I had my own existential crisis and fear bargaining this past week. A dear friend and colleague posted a confrontation by one of her former acquaintances. This acquaintance turned out to be a racist, bully, and all-around garbage human. There have been plenty of groups who’ve been posting pictures of racists caught in the act, and the charge to “get ’em!” And I had to confront my own cowardice when one of those lives metaphorically next door. Most of the ones people post are those who lives miles and states away. Or, outing big corporations for their heinous acts. And since the internet has long given us a false sense of anonymity and safety, in these days of important and monumental shifts, will we begin to judge one another on how we use our physical (not metaphysical) lives to continue this change? I am confronting my own cowardice for not outing this woman. White nationalist scare me. I am in flight, fight, or freeze mode. And I had to work through my own power and privilege to determine how I can keep myself, my sons, and my husband safe.

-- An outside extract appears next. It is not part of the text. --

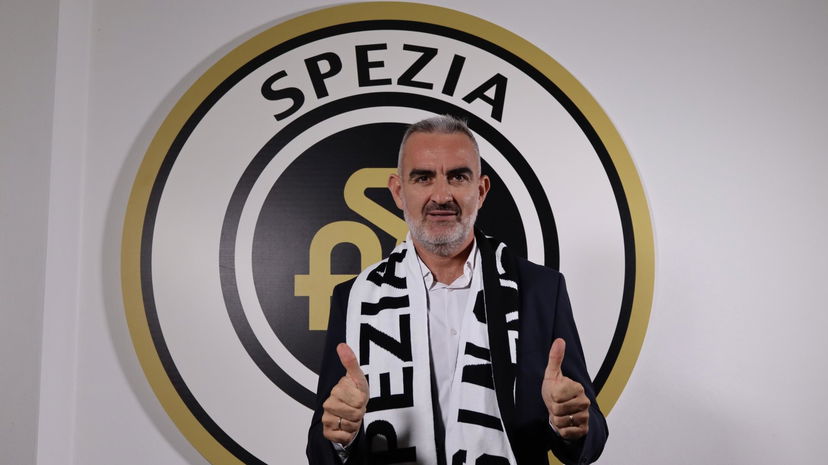 Macia (dt Spezia): “Fiducia in D’Angelo. Ci porterà alla salvezza” preview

In other words, if I am not okay with dying in a protest, what can I do that considers multiple factors that decenter my privilege or uses it for abolitionist causes? Zealotry of any kind makes me skittish. I did post the question on Facebook, and received many responses. One woman, the mother of one of my students, said to leave her be, pray for the racist, and go with grace. I’m still grappling with it, but that was where I left it. And in later conversations received a somewhat pedantic lecture on the Holocaust by another friend. And I think I would have been the person to hide people in my house kind of person. But I don’t know. I am here and existing now: so what am I doing now? Because anything I do walks the line between performative and silence. There will be criticism, no matter what. And so what? So how do I balance fear of physical, emotional, and spiritual safety when nothing is truly safe? We all die: so how do I make choices in my life?

What can I give: I have a gift for creating curriculum. I have a gift for friendship and love. I have a gift and talent for creativity and art. I attempt to write and communicate. When I have funds, I share them. I look for legitimate resources. I listen to new information and facts and adapt. And if there is a higher being, I recognize that these gifts are a blessing. And I will strive to keep my pride in check, and not be baited into conversations of ‘who’s more of a warrior.’ (And to be clear–it was my own pride that baited me, not anyone else.)

And I’m still learning from others, every day. Nearly every hour.